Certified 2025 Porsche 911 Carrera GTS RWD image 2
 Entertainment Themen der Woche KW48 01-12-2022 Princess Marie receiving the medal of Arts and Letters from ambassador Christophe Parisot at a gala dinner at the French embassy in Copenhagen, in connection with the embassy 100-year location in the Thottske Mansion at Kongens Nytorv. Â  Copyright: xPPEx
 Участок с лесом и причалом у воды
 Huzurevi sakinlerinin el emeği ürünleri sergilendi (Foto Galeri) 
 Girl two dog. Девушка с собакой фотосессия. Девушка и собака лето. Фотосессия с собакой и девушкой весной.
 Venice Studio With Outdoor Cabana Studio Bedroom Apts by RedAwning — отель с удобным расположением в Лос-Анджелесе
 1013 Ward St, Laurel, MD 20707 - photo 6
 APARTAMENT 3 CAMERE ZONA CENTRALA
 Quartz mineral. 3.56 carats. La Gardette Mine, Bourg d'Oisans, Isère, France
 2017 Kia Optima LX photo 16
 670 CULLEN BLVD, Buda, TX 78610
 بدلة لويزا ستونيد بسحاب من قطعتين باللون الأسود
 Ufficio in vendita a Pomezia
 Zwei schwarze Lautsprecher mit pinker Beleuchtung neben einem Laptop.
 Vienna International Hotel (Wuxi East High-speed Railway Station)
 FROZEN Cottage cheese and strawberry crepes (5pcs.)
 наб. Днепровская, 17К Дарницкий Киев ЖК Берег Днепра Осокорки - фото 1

---

▶ _REQUIREMENT_: Counting the line that contains "2017 Kia Optima LX photo 16" as the first, copy exactly every line through the end of the records, and nothing else.

▶ _WRITTEN SOLUTION_:
 2017 Kia Optima LX photo 16
 670 CULLEN BLVD, Buda, TX 78610
 بدلة لويزا ستونيد بسحاب من قطعتين باللون الأسود
 Ufficio in vendita a Pomezia
 Zwei schwarze Lautsprecher mit pinker Beleuchtung neben einem Laptop.
 Vienna International Hotel (Wuxi East High-speed Railway Station)
 FROZEN Cottage cheese and strawberry crepes (5pcs.)
 наб. Днепровская, 17К Дарницкий Киев ЖК Берег Днепра Осокорки - фото 1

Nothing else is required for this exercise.